-- Opening Marker --
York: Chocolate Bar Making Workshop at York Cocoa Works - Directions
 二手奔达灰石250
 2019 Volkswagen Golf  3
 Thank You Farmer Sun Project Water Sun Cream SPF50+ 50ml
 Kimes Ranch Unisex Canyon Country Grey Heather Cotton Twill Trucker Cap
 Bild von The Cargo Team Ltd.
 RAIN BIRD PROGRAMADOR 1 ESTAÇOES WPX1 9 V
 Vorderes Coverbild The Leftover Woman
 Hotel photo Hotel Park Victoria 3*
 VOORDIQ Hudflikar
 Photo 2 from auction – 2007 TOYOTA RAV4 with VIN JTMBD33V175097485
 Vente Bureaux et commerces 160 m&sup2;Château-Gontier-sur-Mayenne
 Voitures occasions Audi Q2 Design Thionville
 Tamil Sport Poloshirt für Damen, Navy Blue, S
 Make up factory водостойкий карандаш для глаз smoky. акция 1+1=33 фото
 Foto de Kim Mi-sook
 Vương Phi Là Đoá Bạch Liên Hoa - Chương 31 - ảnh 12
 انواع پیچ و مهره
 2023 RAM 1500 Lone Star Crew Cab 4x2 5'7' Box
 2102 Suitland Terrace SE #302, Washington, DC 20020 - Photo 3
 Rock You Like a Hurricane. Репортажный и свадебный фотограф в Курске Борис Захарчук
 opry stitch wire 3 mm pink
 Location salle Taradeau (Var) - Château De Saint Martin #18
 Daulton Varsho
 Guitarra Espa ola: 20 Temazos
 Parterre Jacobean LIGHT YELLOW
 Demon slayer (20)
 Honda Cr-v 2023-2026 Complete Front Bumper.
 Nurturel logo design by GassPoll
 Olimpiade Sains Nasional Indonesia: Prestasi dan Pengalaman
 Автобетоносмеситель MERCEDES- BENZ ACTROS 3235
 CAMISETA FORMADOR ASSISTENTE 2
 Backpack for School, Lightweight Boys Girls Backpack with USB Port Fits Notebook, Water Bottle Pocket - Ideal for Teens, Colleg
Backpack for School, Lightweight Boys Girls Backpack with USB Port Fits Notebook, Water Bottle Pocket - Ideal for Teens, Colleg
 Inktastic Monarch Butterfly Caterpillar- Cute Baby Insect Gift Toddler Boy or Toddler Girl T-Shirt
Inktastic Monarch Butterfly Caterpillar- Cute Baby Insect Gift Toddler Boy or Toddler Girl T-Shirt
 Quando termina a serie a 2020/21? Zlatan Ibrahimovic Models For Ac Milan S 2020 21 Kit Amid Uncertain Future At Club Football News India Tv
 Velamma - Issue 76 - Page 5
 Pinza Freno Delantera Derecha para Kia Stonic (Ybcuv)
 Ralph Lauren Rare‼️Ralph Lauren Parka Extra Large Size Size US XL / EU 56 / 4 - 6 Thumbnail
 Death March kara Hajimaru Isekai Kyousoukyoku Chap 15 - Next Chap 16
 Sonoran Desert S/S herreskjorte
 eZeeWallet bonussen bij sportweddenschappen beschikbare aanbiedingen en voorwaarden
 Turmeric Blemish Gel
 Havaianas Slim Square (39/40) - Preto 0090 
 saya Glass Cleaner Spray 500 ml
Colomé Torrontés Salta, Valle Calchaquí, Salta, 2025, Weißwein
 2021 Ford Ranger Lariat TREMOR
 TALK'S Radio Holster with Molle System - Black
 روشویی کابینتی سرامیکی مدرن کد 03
-- Closing Marker --
:: Task requirements ::
Start with the first line. Please copy exactly each line of the listing through the one with "2023 RAM 1500", including it.

:: Result below ::
York: Chocolate Bar Making Workshop at York Cocoa Works - Directions
 二手奔达灰石250
 2019 Volkswagen Golf  3
 Thank You Farmer Sun Project Water Sun Cream SPF50+ 50ml
 Kimes Ranch Unisex Canyon Country Grey Heather Cotton Twill Trucker Cap
 Bild von The Cargo Team Ltd.
 RAIN BIRD PROGRAMADOR 1 ESTAÇOES WPX1 9 V
 Vorderes Coverbild The Leftover Woman
 Hotel photo Hotel Park Victoria 3*
 VOORDIQ Hudflikar
 Photo 2 from auction – 2007 TOYOTA RAV4 with VIN JTMBD33V175097485
 Vente Bureaux et commerces 160 m&sup2;Château-Gontier-sur-Mayenne
 Voitures occasions Audi Q2 Design Thionville
 Tamil Sport Poloshirt für Damen, Navy Blue, S
 Make up factory водостойкий карандаш для глаз smoky. акция 1+1=33 фото
 Foto de Kim Mi-sook
 Vương Phi Là Đoá Bạch Liên Hoa - Chương 31 - ảnh 12
 انواع پیچ و مهره
 2023 RAM 1500 Lone Star Crew Cab 4x2 5'7' Box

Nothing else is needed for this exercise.